Many people have presented the (somewhat tired) argument that wrestling is the lowest form of performance.  Critics have been claiming since its inception that men (and women) fighting with a pre-determined winner is at the opposite end of the spectrum from something like Ballet.  And then there’s the contention that it’s not a sport.  This is the most common contention that I hear when people are making fun of those of us who have never grown past this part of our lives.  I’ve never really understood this line of reasoning.  I learned at a very young age that the outcome of each match wasn’t a mystery to the participants.  The fact that these men were more actors than combatants never made me question their athletic ability.  I simply realized that I was watching something similar to the Nutcracker performance my mother had taken me too, but with all the violent entertainment potential of Home Alone.

Subsequently, I became deeper and deeper invested into these characters (because that is really what they were) and their feuds, romances, and dreams.  And just like my favorite movies and television dramas (like Duck Tales), I had my favorite characters, the ones who inspired me, always made me proud to be a young American man.  The perfect example of this was “The Macho Man” Randy Savage.

So, when I heard that he had died on Friday, May 20th, I wasn’t quite sure how to feel.  As I approach the end of my twenties, I suppose it’s inevitable that in the next few years I will begin to see more of childhood heroes die, but he was one of the first.  And I’m really not sure how I feel.  It’s strange to think back on moments when you were truly inspired and realize that the person who brought up those emotions isn’t here anymore.

In 1988, Wrestlemania IV took place in Atlantic City.  This was a pretty big deal because the WWF didn’t have a national champion at this time.  The position was vacant, and it had been decided that the winner of a 14-man single elimination tournament would be the new National Champion.  This meant that if you wanted to win, you would be fighting multiple times.

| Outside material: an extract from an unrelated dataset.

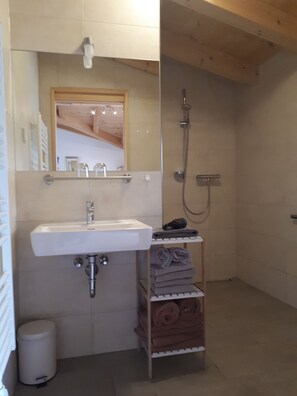 Dusche, Handtücher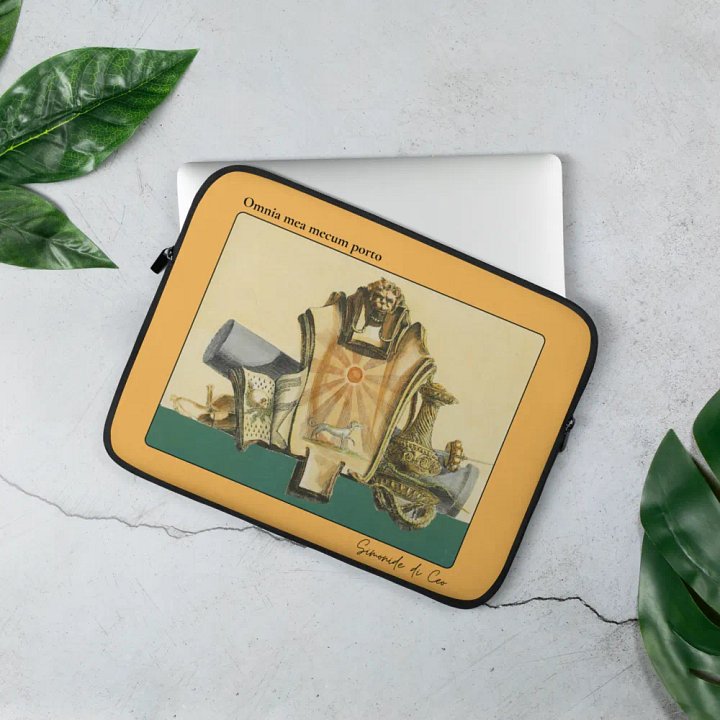 Laptop cover, Omnia mea- dog version product image (2)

Now, this was right in the middle of the feud between former friends, and now deadly enemies, Hulk Hogan and André the Giant.  Obviously, everyone expected one of these two men to come out on top, but there were definitely some other possible winners.  Randy Savage, Ted DiBiase, Jake Roberts, and Bam Bam Bigelow were all competing.  But things became really interesting when Hulk and André faced each other in the quarterfinals.  Several minutes into what had become a VERY exciting match André and Ted DiBiase managed to trick Hogan, so that both men used chairs, and were subsequently disqualified.  This was INSANE.  These were the two biggest men in the WWF at this time.  The biggest hero and the biggest villain.  One of them had to be champion!  But not tonight!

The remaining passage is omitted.